Washington, D.C. 20549


FORM 12b-25




Commission File Number: 000-56142


(Check one)

☐ Form 10-K and Form 10-KSB      ☐ Form 11-K      ☐ Form 20-F      ☒ Form 10-Q and Form 10-QSB      ☐ Form N-SAR



For Period Ended: July 31, 2020





Transition Report on Form 10-K and Form 10-KSB


Transition Report on Form 20-F


Transition Report on Form 11-K


Transition Report on Form 10-Q and Form 10-QSB


Transition Report on Form N-SAR





For Transition Period Ended: __________________


Read Attached Instruction Sheet Before Preparing Form. Please Print or Type.


Nothing in this form shall be construed to imply that the Commission has verified any information contained herein.


If the notification relates to a portion of the filing checked above, identify the item(s) to which the notification relates:





Full Name of Registrant: OBITX, INC.


Former Name if Applicable: N/A


Address of Principal Executive Office (Street and Number): 3027 US Highway 17


City, State and Zip Code: Fleming Island, FL 32003





RULES 12b-25(b) AND (c)


If the subject report could not be filed without unreasonable effort or expense and the registrant seeks relief pursuant to Rule 12b-25(b), the following should be completed. (Check box if appropriate)



The reasons described in reasonable detail in Part III of this form could not be eliminated without unreasonable effort or expense;





The subject annual report, semi-annual report, transition report on Form 10-K, 10-KSB, 20-F, 11-K or Form N-SAR, or portion thereof will be filed on or before the 15th calendar day following the prescribed due date; or the subject quarterly report or transition report on Form 10-Q, 10-QSB, or portion thereof will be filed on or before the fifth calendar day following the prescribed due date; and





The accountants statement or other exhibit required by Rule 12b-25(c) has been attached if applicable.
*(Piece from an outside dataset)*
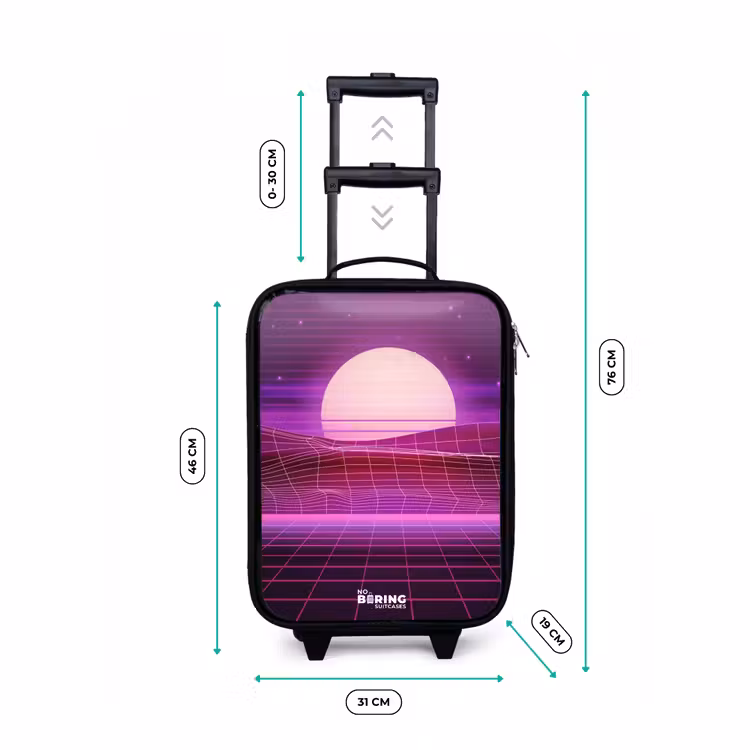 Rasterlandschap met zon Kinderkoffer - Zwart klein -productfoto_formaten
State below in reasonable detail the reasons why Form 10-K, 10-KSB, 11-K, 20-F, 10-Q, 10-QSB, N-SAR, or the transition report or portion thereof could not be filed within the prescribed period. (Attach extra sheets if needed.)
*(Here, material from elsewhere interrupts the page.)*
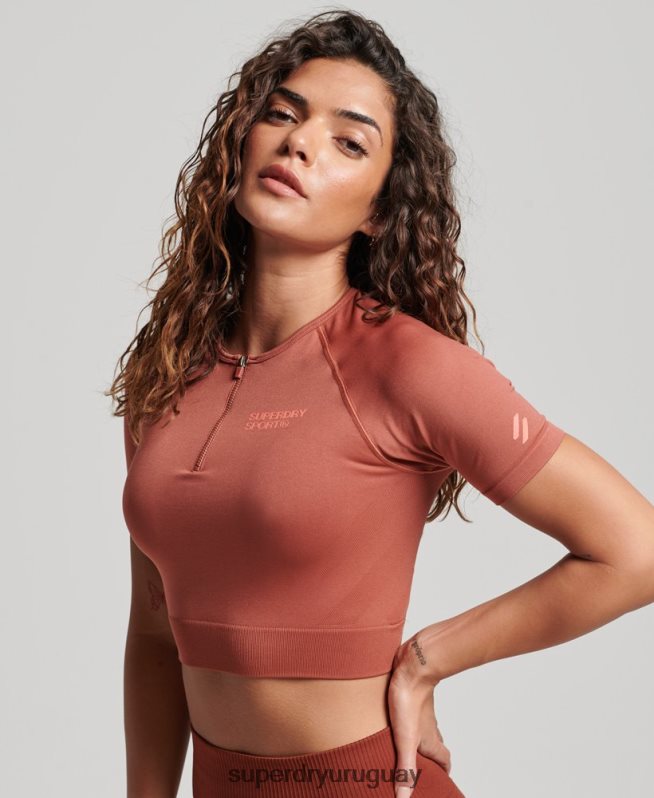 uy Superdry mujer top corto de manga corta sin costuras marrón DT2N8Z2931 ropa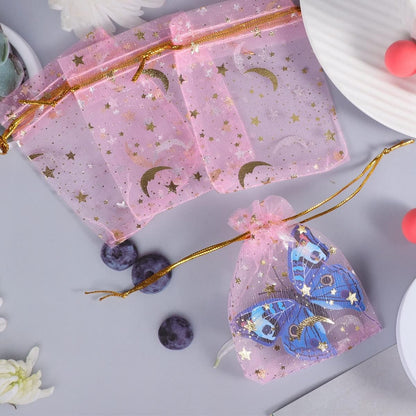 100 Pieces Moon Star Organza Jewelry Candy Bags 2.7x3.5 Inch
Registrant has been unable to complete its Form 10-Q for the quarter ended July 31, 2020, within the prescribed time because of delays in completing the review by its auditors. The preparation of its financial statements and its management discussion and analysis must be reviewed by the auditors prior to filing. Such delays are primarily due to Registrant’s management’s dedication of such management's time to business matters. This has taken a significant amount of management's time away from the preparation of the Form 10-Q and delayed the preparation of the unaudited financial statements for the quarter ended July 31, 2020. The Registrant expects to file the Quarterly Report within the extension period of five calendar days provided under Rule 12b-25 of the Securities Exchange Act of 1934, as amended.
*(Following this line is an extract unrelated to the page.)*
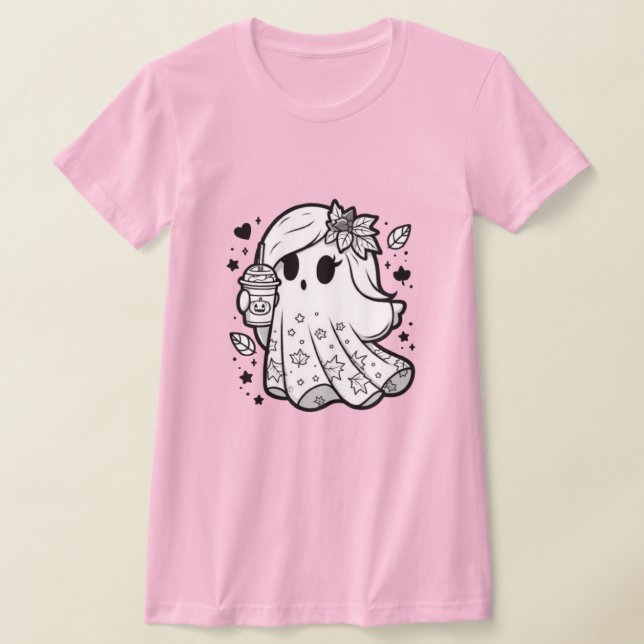 Autumn Spirit: Girly Ghost with Pumpkin Spice T-Shirt (Laydown)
Name and telephone number of person to contact in regard to this notification


Michael Hawkins







(Area Code)


(Telephone Number)



Have all other periodic reports required under Section 13 or 15(d) of the Securities Exchange Act of 1934 or Section 30 of the Investment Company Act of 1940 during the preceding 12 months or for such shorter period that the registrant was required to file such report(s) been filed? If the answer is no, identify report(s). ☒ Yes ☐ No




Is it anticipated that any significant change in results of operations from the corresponding period for the last fiscal year will be reflected by the earnings statements to be included in the subject report or portion thereof: ☐ Yes ☒ No




If so: attach an explanation of the anticipated change, both narratively and quantitatively, and, if appropriate, state the reasons why a reasonable estimate of the results cannot be made.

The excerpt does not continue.